# Nikon D50 -- shutter sticking



## pyropenguin (Apr 28, 2008)

I've had my D50 for close to two years now, and recently I've been running into a problem. I attended a car show recently where I took about 600 pictures in maybe 3 hours, and every hundred pictures or so, my shutter would stick open. It would stay that way until I press the button to take the picture again. That was last week, and today I took another 500 or so pictures at a race and it was doing the same thing. 

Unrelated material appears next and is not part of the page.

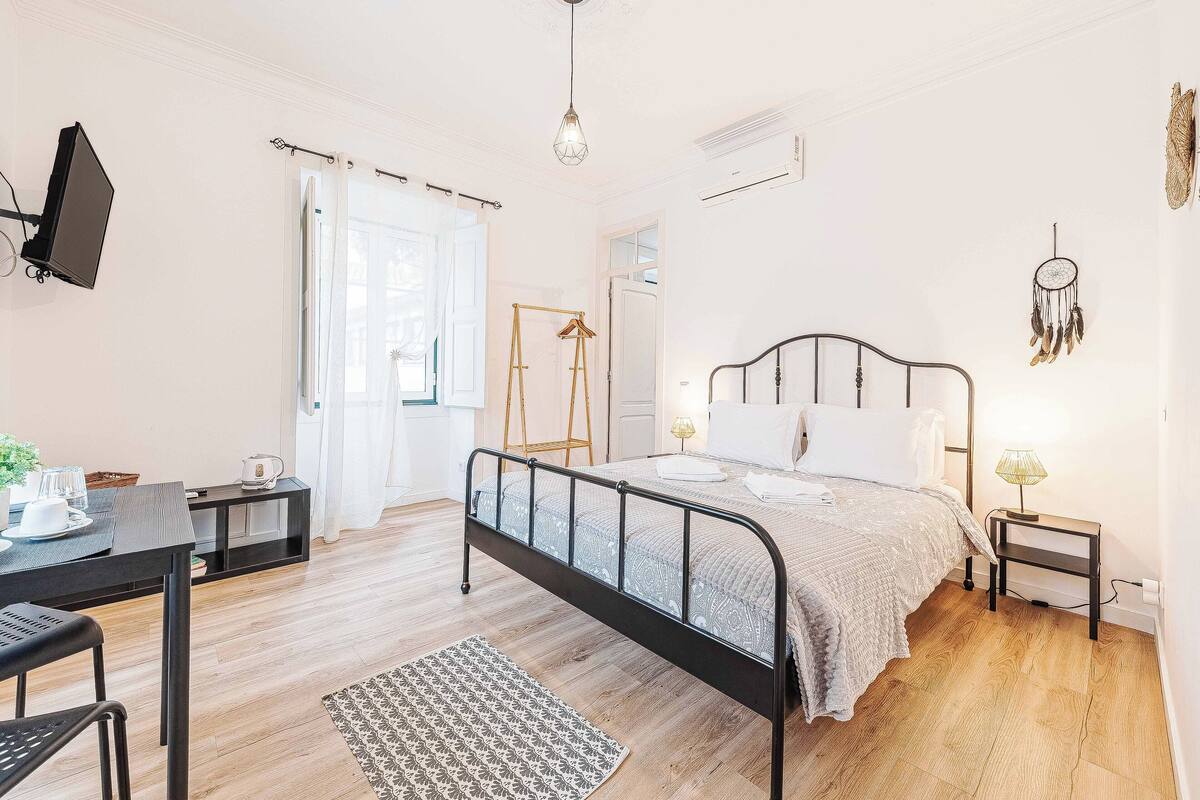 Ein Schlafzimmer mit einem Bett, Nachttischen, einem Schreibtisch und einem Stuhl.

Is this something that can be fixed by having the camera cleaned up professionally, or should I start looking at a new body? Right now it doesn't matter much to me, but if I start shooting real events where that one lost picture can make a difference, I'm not going to be happy. 

Kyle


----------



## asfixiate (Apr 28, 2008)

How many shots has your camera taken?


----------



## ryan7783 (Apr 28, 2008)

From what I've read, you should have your camera cleaned by a professional, or clean it yourself if you're familiar, about once a year. Good hygiene isn't just for your person


----------



## pyropenguin (Apr 28, 2008)

asfixiate said:


> How many shots has your camera taken?


I'm gonna guess around 25,000.




ryan7783 said:


> From what I've read, you should have your camera cleaned by a professional, or clean it yourself if you're familiar, about once a year. Good hygiene isn't just for your person


This is probably my problem. In the whole time I've had it, I've never cleaned it. I feel so ashamed!


----------



## molsen (Apr 28, 2008)

yea get that thing cleaned man!  the d50 is an "entry-level" dslr, but it's still a GREAT camera.  take care of it and it'll take care of you


----------